May 18, 2016 | By Andre

If you’ve been exposed to 3D printing at all, you’ll likely be familiar with the little ridges that make their way up the exterior of any given print. These visible lines are a result of the material layering process that is at the core to how 3D printers work their magic.

Of course, while some people don’t mind the little lines, others find it takes away from the final aesthetic of the finished product and would do anything in their power to get rid of them. Solutions thus far have been a mix of simply printing at a much higher resolution (which often means longer print times) or alternatively by using solvents to melt the piece smooth (meaning a sacrifice in surface detail).

Sculpteo, one of the world’s largest 3D print service providers, has announced at the Rapid Today additive manufacturing conference in Orlando a new smoothing technique they’ve called Smoothing Beautifier.

While still sparse when it comes to details, the new smoothing technology revolves around a chemical process applied to SLS printed parts. SLS (or selective laser sintering) involves laser based hardening at specific points of a powder bed, one layer at a time just like every 3D printing process around. From my experience, SLS prints are already much finer in finish than your typical FDM plastic print out but generally come with a rough, powdery feeling finish.
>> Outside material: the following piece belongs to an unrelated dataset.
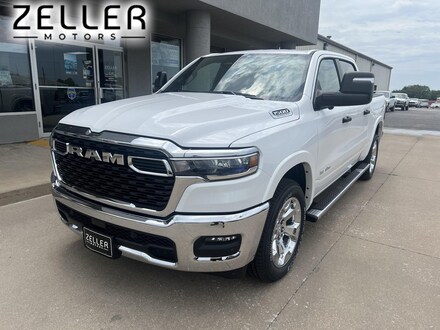 2026 Ram 1500 Big Horn/Lone Star Pickup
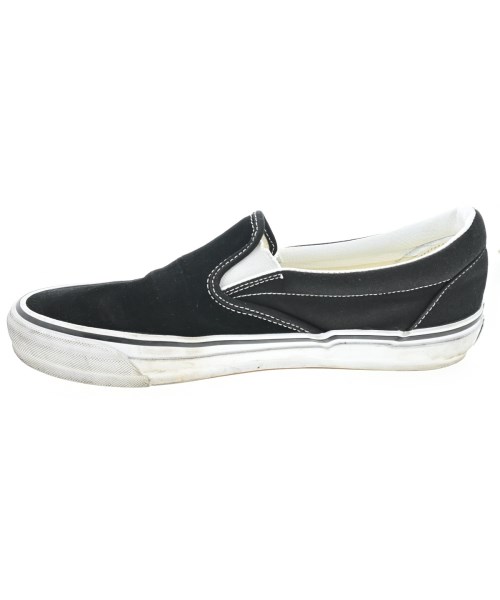 VANS（ヴァンズ）スニーカー 黒 サイズ:29cm メンズ/2200679518310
It’s that finish that Sculpteo hopes to do away with thanks in part to their smoothing beautifier. Unfortunately, perhaps for now, all they say about the process is that the “physicochemical reaction uses an exclusive process to create surfaces that look like they were injected.” Of course, it being a patent-pending process gives credence to them not wanting to give out all their secrets too early.

Beyond this, they’ve divulged that it’ll be available on their white nylon based 3D prints (colour at a later date), it has a limit of 140x120x90mm in print size, three extra days to their 3D print turnaround will be added with a yet to be elaborated additional cost.

Unfortunately, just as is the case with acetone smoothing of ABS parts, the smoothing may disolve fine features that you would much rather maintain. A fairly staunch disclaimer at the bottom of the company’s announcement notes that “the physicochemical reaction can indeed introduce transformations to the parts such as minor geometrical changes or a loss of detail. Designs that include very intricate geometries, hollowed parts or sharp angles/edges can suffer appearance transformations.”

This, although unfortunate in some situations, likely won’t be a problem to most people that can’t stand the rough nature of 3D prints, SLS or otherwise. To get things moving, Sculpteo is pushing ahead with a beta program that its members are free to join today.

Since I’m in the camp of “those print lines don’t bother me” I won’t be rushing to sign up just yet, but it’s increasing 3D print order choices like this that will keep Sculpteo in the competitive forefront as the service industry continues to heat up. I’m eager to see more results and information as the beta program evolves.